-- What you have to do --
From the line with "How To Control" to the final line of the data below, please write out every line exactly, with no pictures.

-- Data to use --
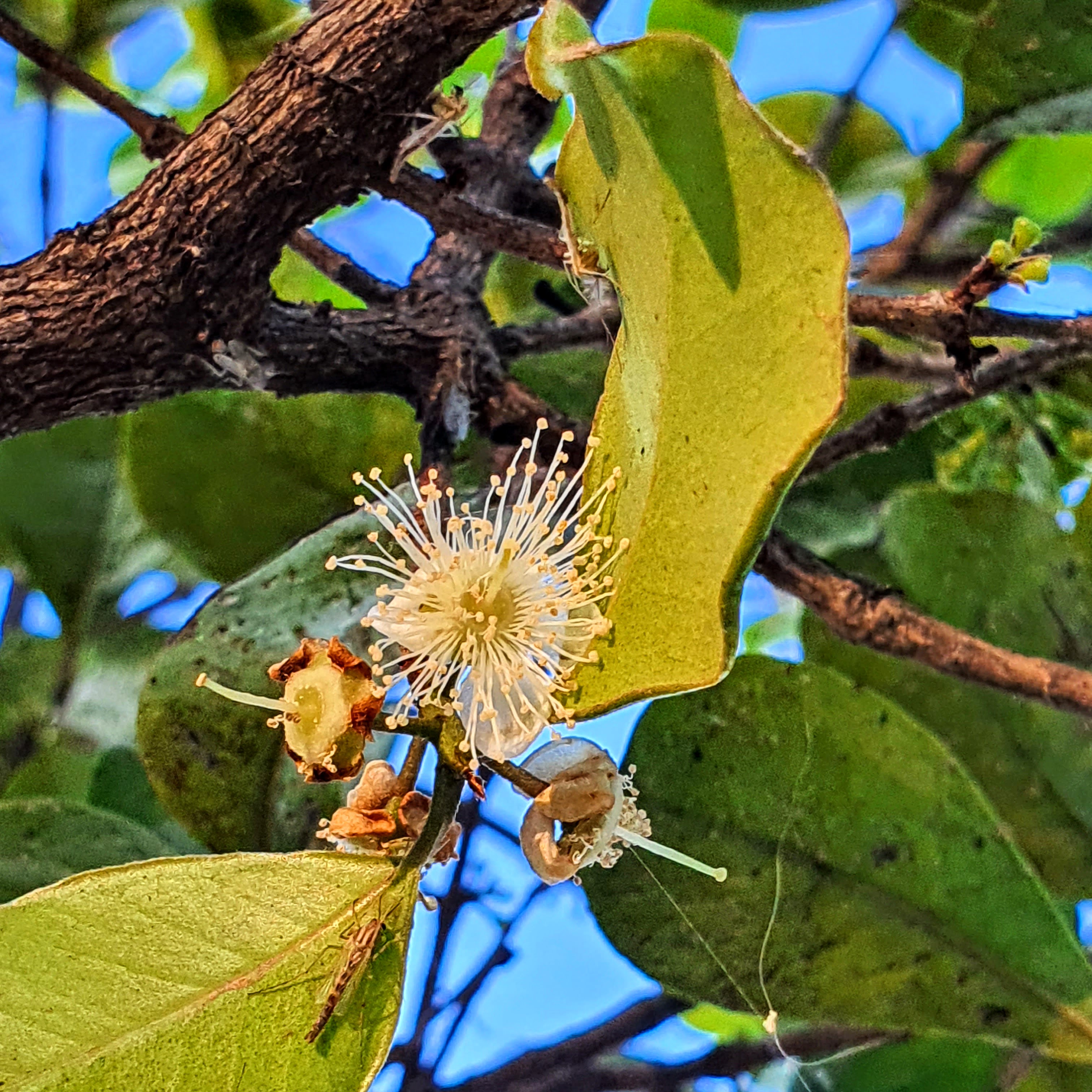 Flores típicas da família da guabiroba.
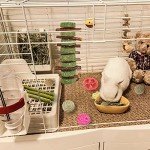 20 Bunny Chew Toys for Rabbits and Small Pets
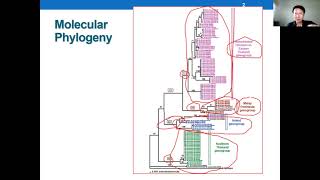 Basic Molecular Phylogenetics ชั่วโมงที่1 [upl. by Judy516]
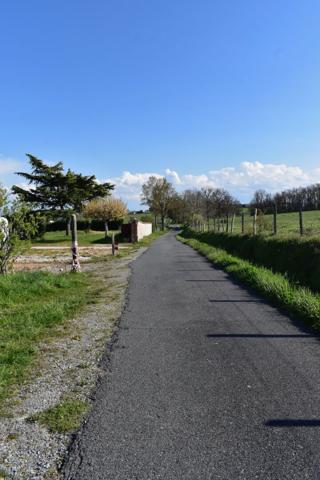 Terrain constructible de 1 120 m² à Vézelin-sur-Loire Vue dégagée Libre constructeur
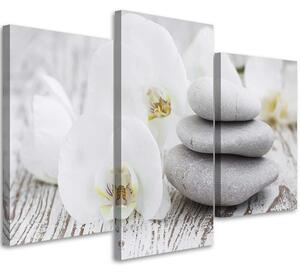 Obraz na plátne Biela orchidea a kamene - 3 dielny Rozmery: 60 x 40 cm
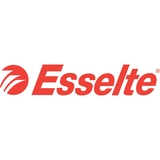 Esselte Ruling Index Cards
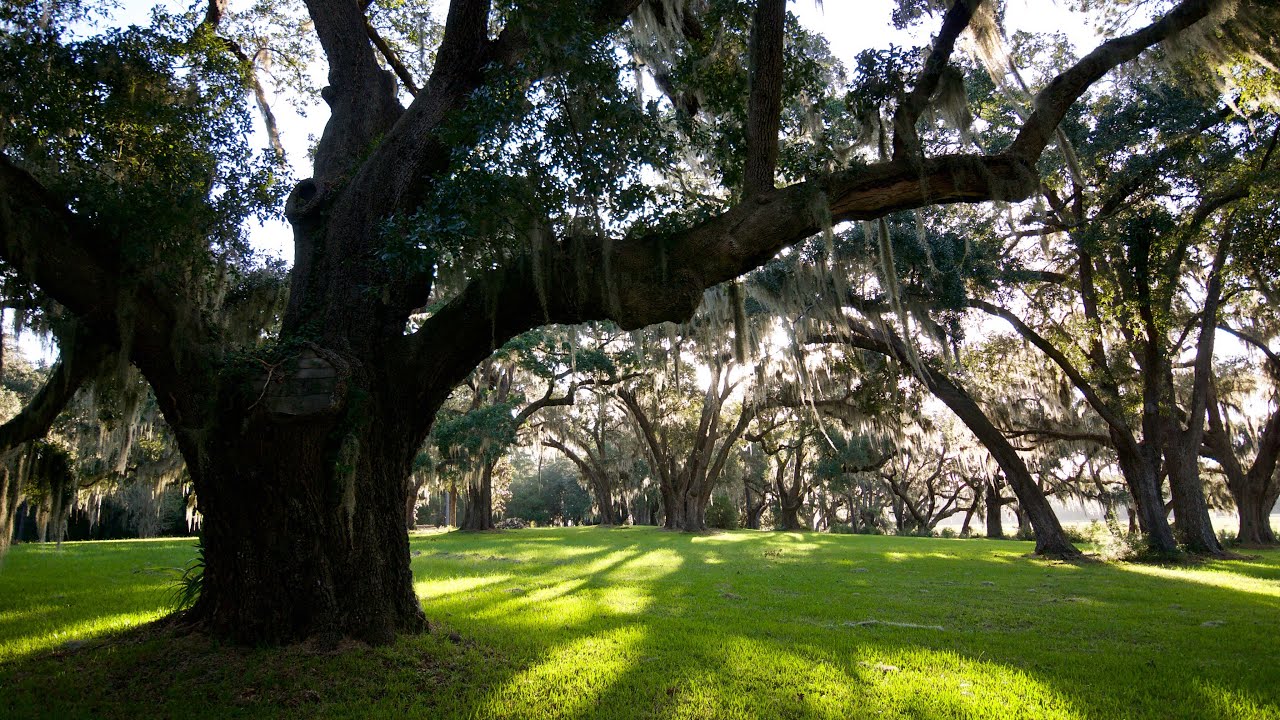 Bindon Plantation: 1317.15 +/- Acres Located in Beaufort, SC on Deep Water!  Excellent Hunting!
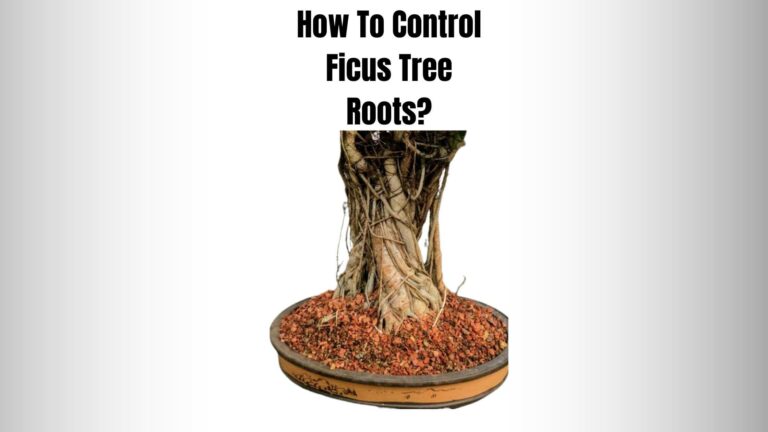 How To Control Ficus Tree Roots? (3 Effective Method)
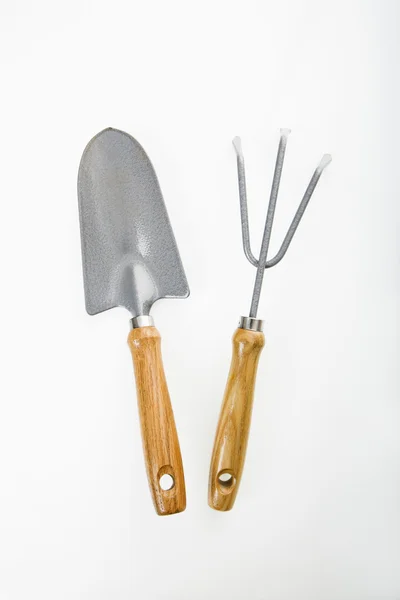 Spade and garden fork. Stock Photo
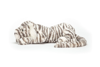 Sacha Snow Tiger (Large) by Jellycat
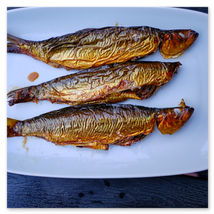 Werkschau Ullrich Gnoth Foto-Grafik-Design.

-- Solution below --
 How To Control Ficus Tree Roots? (3 Effective Method)
 Spade and garden fork. Stock Photo
 Sacha Snow Tiger (Large) by Jellycat
 Werkschau Ullrich Gnoth Foto-Grafik-Design.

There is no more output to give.